【全国高校サッカー選手権千葉県大会 決勝 流経大柏vs市立船橋】絶対に負けられない相手はすぐ近くにいる

2019年1月12日

 

両雄は全国では並び立たない

高校野球では大阪桐蔭と履正社という、
ともに全国制覇を狙えるだけの力がある両雄が、
甲子園の大阪府代表の1つの切符を争っているけど、
高校サッカーでは千葉で同じ状況が発生している。

千葉のサッカー強豪校として全国的な知名度を誇り、布啓一郎、石渡靖之、朝岡隆蔵と、
監督が代わりながらもそのブランド力を落とすことなく、
長く高校年代のサッカーを牽引し続ける市立船橋。

市原緑や習志野の指揮官として市船と鎬を削っていた本田裕一郎を招聘し、
2000年代に入って、市船と並んで千葉県を代表する強豪校へと成長した流通経済大柏。

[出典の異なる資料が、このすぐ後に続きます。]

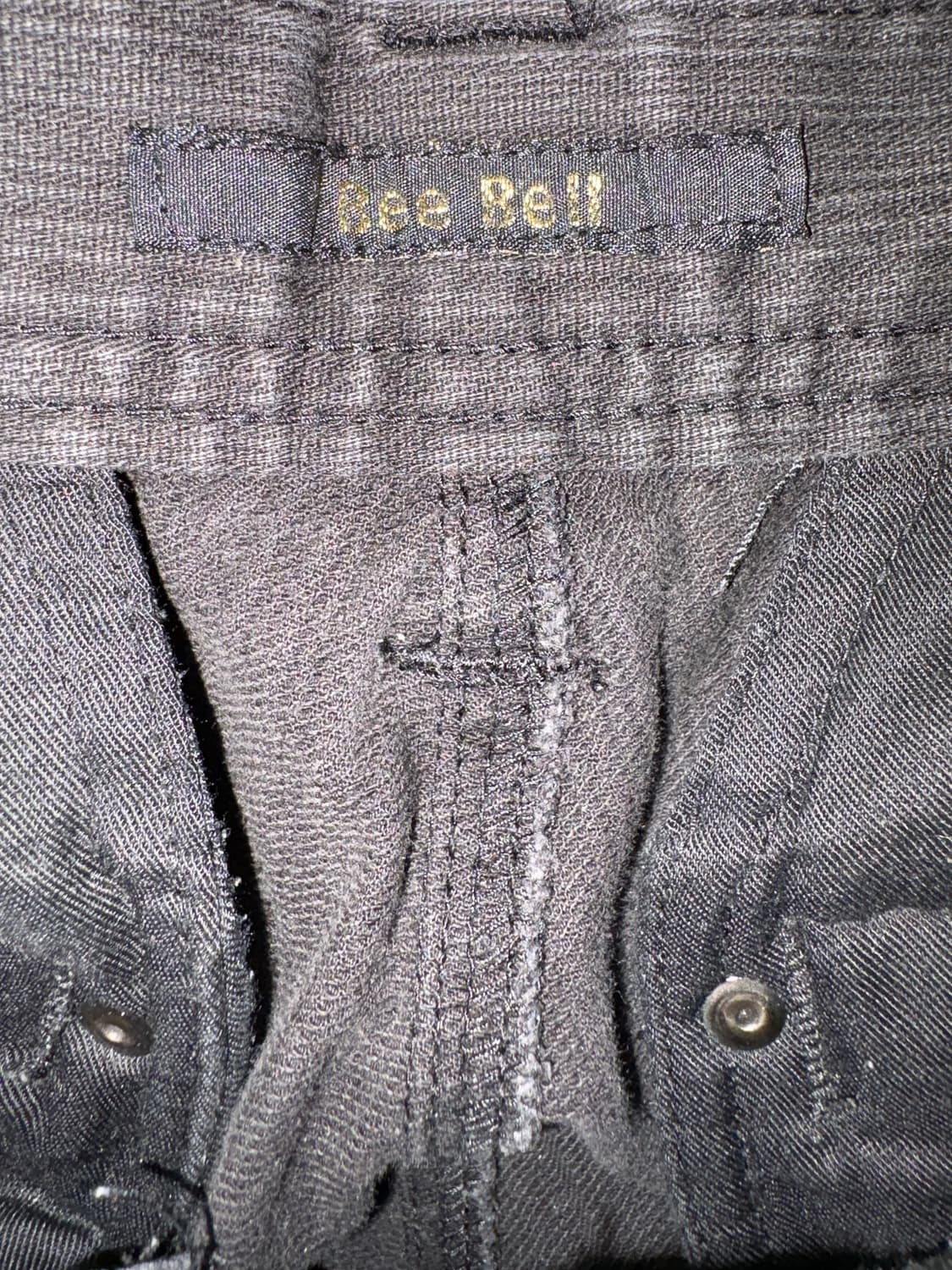 Bee Bell 카고 플레어 데님 팬츠 상품이미지3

今季も申し合わせたかのように、第97回全国高校サッカー選手権千葉県大会の決勝で、
両雄は相まみえた。

選手権行きの切符を手にしたのは流通経済大柏

本田裕一郎のサッカーははっきり言って無骨だ。
パスワークで試合を支配するわけでもなければ、
流れるようなカウンターでゴールを陥れるわけでもない。

日々の鍛錬で鍛え上げられた体躯を赤いユニフォームで纏った屈強な選手たちが、
泥臭くゴールを奪い、体を張ってゴールを守る。

長年、同じ県内の強豪である市船を上回るべく、
プロセスよりも結果にこだわってきた本田裕一郎のサッカー観が投影されたのが、
流通経済大柏のチームスタイルではないだろうか。

この試合で決定機を何度も逸し続けた市船に対し、
セットプレーからのこぼれ球と相手選手のミスを、
抜け目なく2得点に繋げた狡猾な戦いぶりは彼らの真骨頂だった。

育成年代でこのような結果主義的な戦い方をするのは賛否両論あるかもしれない。
ただ、もはやその勝利に対する執着心に様式美すら感じる。

辛酸を舐めた名門

市船は2年連続で千葉県大会の決勝で流通経済大柏に屈し、
選手権行きの切符を逃してしまった。

前半45分はプランがハマらなかったのかほとんど何もさせてもらえなかったり、
後半に何度も訪れた決定機をモノに出来ないだけでなく、自らのミスで追加点を許すなど、
名門校にあるまじき試合運びの稚拙さが目立った。

近年、湘南ベルマーレの杉岡大暉や、アルビレックス新潟の原輝綺など、
ボランチから後ろのポジションでは有望な選手を輩出している反面、
名古屋グランパスの和泉竜司を擁して全国制覇を達成して以降、
年々、前線のタレントの質が落ちているような印象を受ける。

プレミアEASTでも流通経済大柏の後塵を拝している現状に、
高校サッカーの歴史に名前を刻んできた名門が黙って引き下がる姿は見たくない。
来季は市船ブルーのユニフォームが千葉だけでなく、
全国の覇権を取り戻すことを期待している。

選手権に向けて

地区予選でこれだけのレベルの高い試合が見られるという贅沢さがある反面、
お互いに全国制覇を狙えるだけの力がありながら、
どちらか一方が予選で姿を消してしまうもったいなさという、
2つの感情が交錯するのが選手権の千葉県大会決勝の面白さである。

昨季は流通経済大柏が埼玉スタジアムの決勝で前橋育英と相対した。
今季も同じ県内の強力なライバルを退けて全国へ勝ち進んできた流通経済大柏が、
選手権を盛り上げてくれるだろう。